The Ibru Organization, established in 1956, became one of the largest conglomerates in Nigeria. By 1990 it had between 9,000 and 11,000 employees.
By 2009 the Ibru Organization was a multi-billion dollar business with interests that included shipping, agriculture, aviation, banking, oil and gas.

Origins

The Ibru family are Urhobo people from Agbarha-Otor, near Ughelli in Delta State.
The family patriarch was Chief Peter Epete Ibru, a missionary who worked for much of his life in Yorubaland.
His wife Janet Omotogor Ibru was the matriarch of Ibru dynasty, aged 98 years when she died on 15 March 2006.
She was a trader, and was closely involved in the organization.
The founder of the firm was their son Michael Ibru.
Michael gained a secondary education at Igbobi College, then worked for the United Africa Company from 1951 until 1956. That year, aged 24, he partnered with Jimmy Large, an Englishman, to form the Laibru general trading company, and also bought a share of Ace Jimonma, a construction firm.

Expansion

Starting in 1957, Ibru was a pioneer in distributing frozen fish in Nigeria. 
Although freshwater fishing was a major agricultural activity in Nigeria at the time, Ibru saw that this would change with economic development, opening a market for frozen fish.
At first he ran into technical problems with supply and also met consumer resistance. Two joint ventures both failed. He then formed Ibru Sea Foods as the sole owner, importing the frozen fish and at first trading from the back of a truck. He expanded quickly, chartering his first fishing boat in 1963, and in 1965 founding a fishing company with three freezer trawlers as a joint venture with a Japanese firm. Despite setbacks, the fishing fleet had grown to as many as 25 trawlers in the 1970s, and Ibru had 200 transport vehicles. Ibru had also expanded into vehicle distribution and fruit growing.

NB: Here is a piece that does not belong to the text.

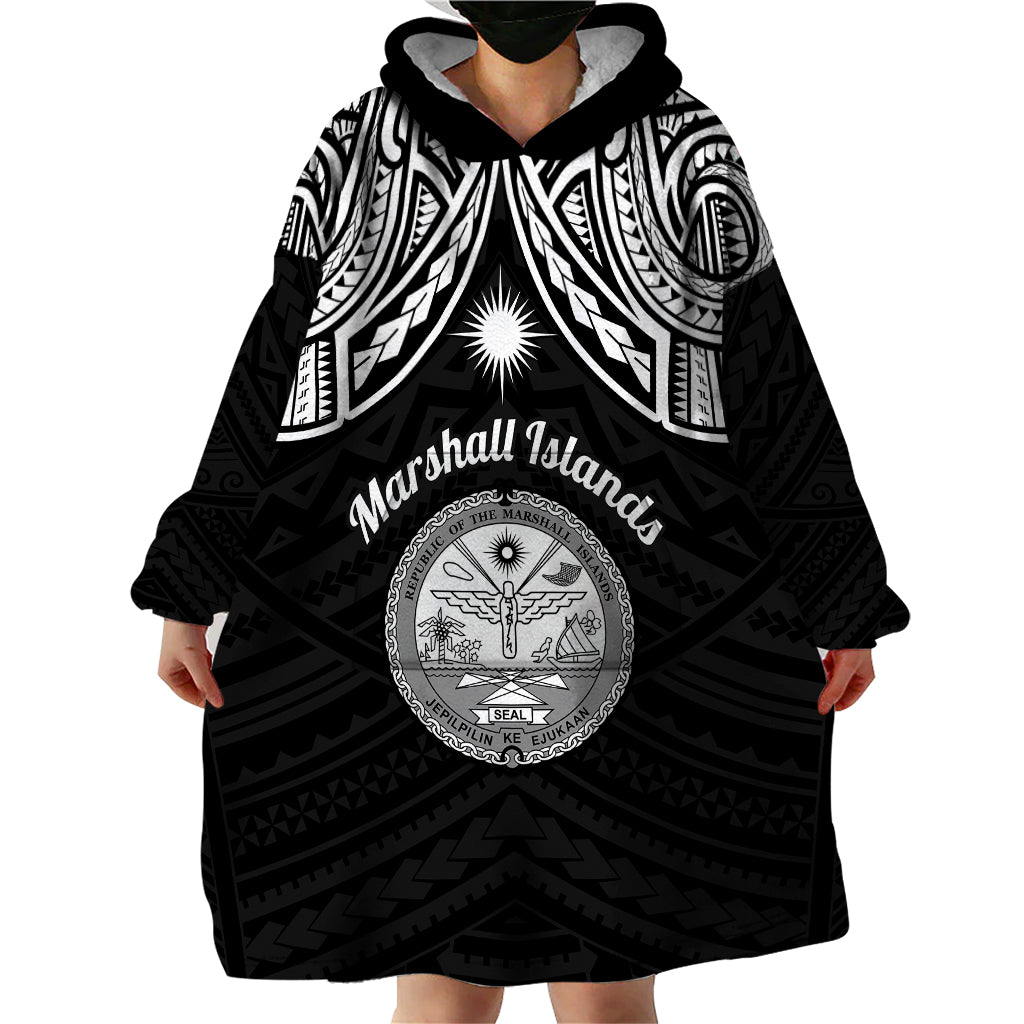 Personalised Marshall Islands Wearable Blanket Hoodie Black Polynesian Tribal Mix Coat Of Arms LT14 - Polynesian Pride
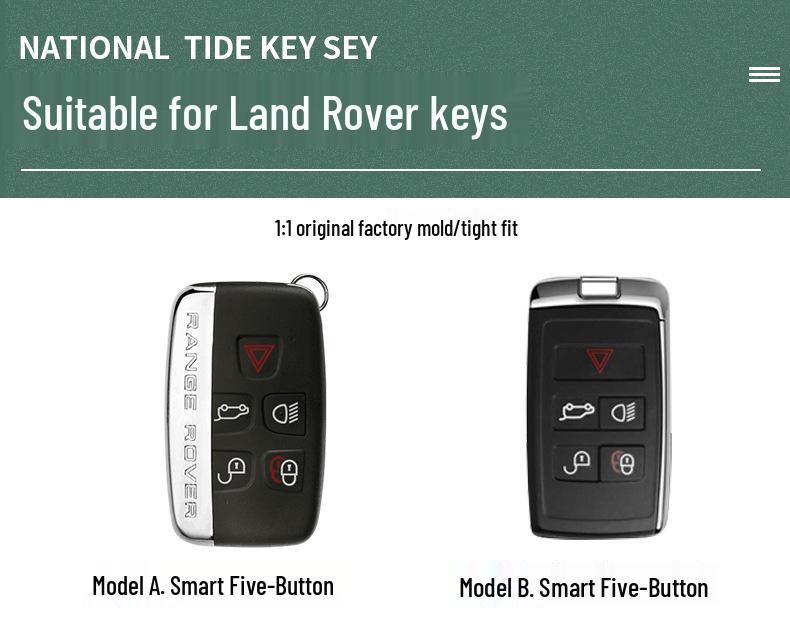 Nubuck Leather Key Case for Range Rover Models (Sport, Evoque, Defender, Discovery Sport, Velar, Freelander)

The organization continued to grow through acquisitions and joint ventures in diverse businesses including brewing, construction and petroleum distribution, with varying degrees of success. The company also acquired extensive holdings of real estate for agriculture and industrial activity. The recession of the early 1980s caused by falling oil prices, combined with import restrictions, forced contraction and a restructuring at the end of the 1980s. By this time, Michael's eldest son Olorogun Oskar Ibru had joined the boards of companies in the organization.

Companies
Rutam Motors was established in 1969, the firm took over management of Ibru's 200 fleet vehicle that were acquired from expatriate firms and were used to service the organizations various operations. The new firm acquired vehicle franchises and focused on after sales maintenance of vehicles from brands such as Mazda, British Leyland Peugeot and Jeep. The company also expanded into commercial tractor sales and maintenance.

Family members

The Ibru family was close, with all members involved in the business. Cecilia Ibru lead Oceanic Bank but she was arrested for a multi-billion dollar fraud. She went to jail and was given a fine of about one billion euros. Cecilia Ibru had started her career at this corporation.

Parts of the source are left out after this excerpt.